─── Collected data

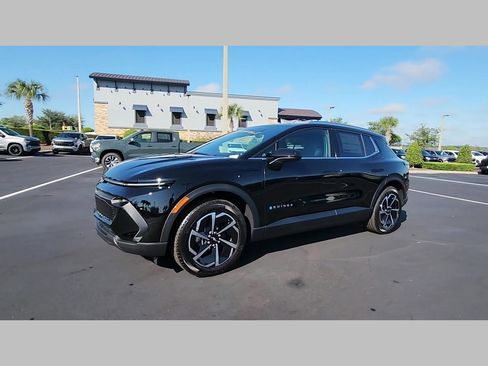 New 2026 Chevrolet Equinox EV LT image 17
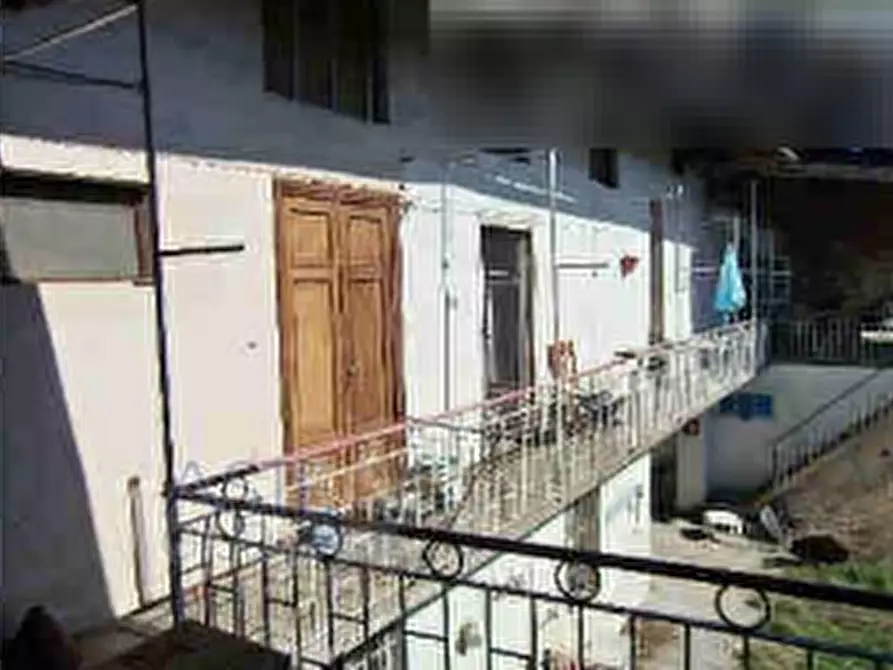Immagine 2 di Stabile in vendita  in Via luigi meineri a Peveragno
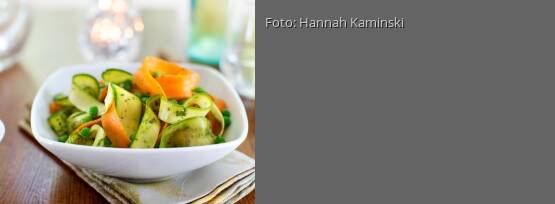 Rezeptbild für "Möhren-Zucchini-Pappardelle mit Pesto und Erbsen"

──────

(Your task)
From the data above, write out everything exactly except the pictures.

(Answer to this task)
 New 2026 Chevrolet Equinox EV LT image 17
Immagine 2 di Stabile in vendita  in Via luigi meineri a Peveragno
 Rezeptbild für "Möhren-Zucchini-Pappardelle mit Pesto und Erbsen"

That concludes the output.